» **What you will do**
Give the data below again exactly as written, without its pictures.

» **Data below**
BEGIN

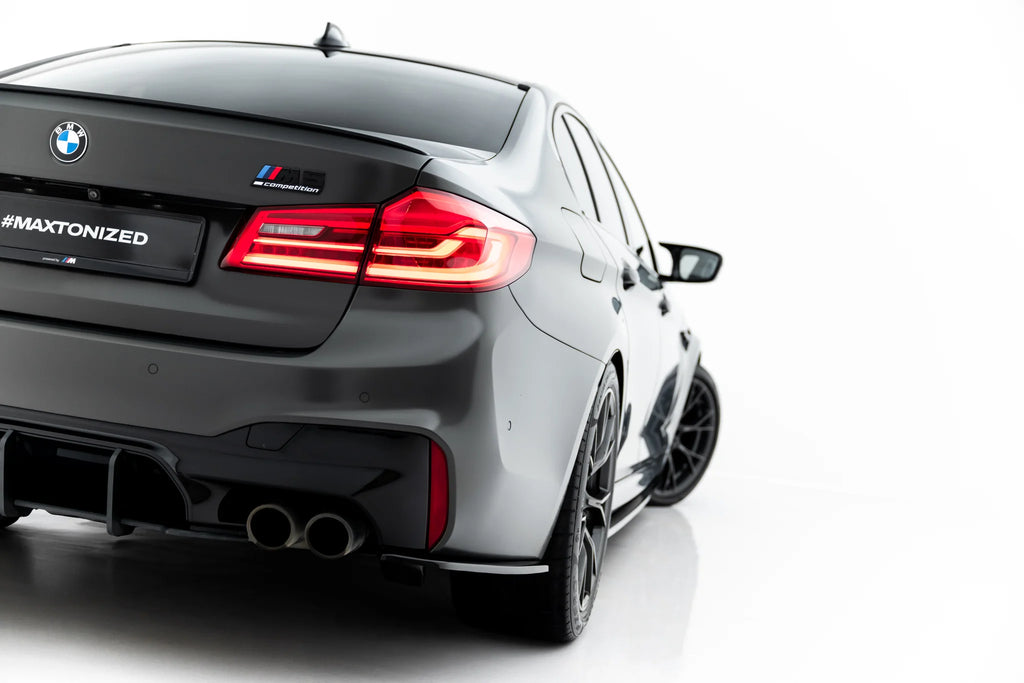 Set di Splitter V.1 BMW Serie M5 F90 — vista laterale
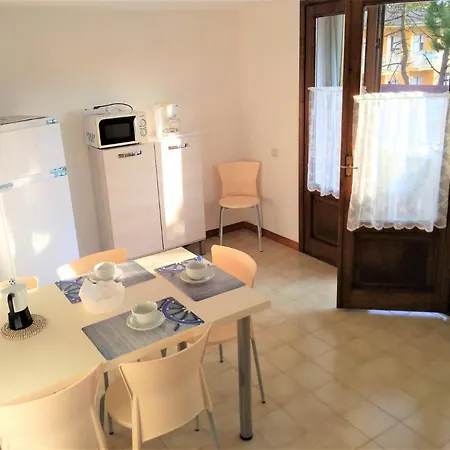 Green Holiday Villa *
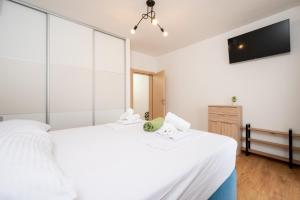 Apartments by the sea Okrug Gornji, Ciovo - 23497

END

» **Response to this task**
 Set di Splitter V.1 BMW Serie M5 F90 — vista laterale
 Green Holiday Villa *
 Apartments by the sea Okrug Gornji, Ciovo - 23497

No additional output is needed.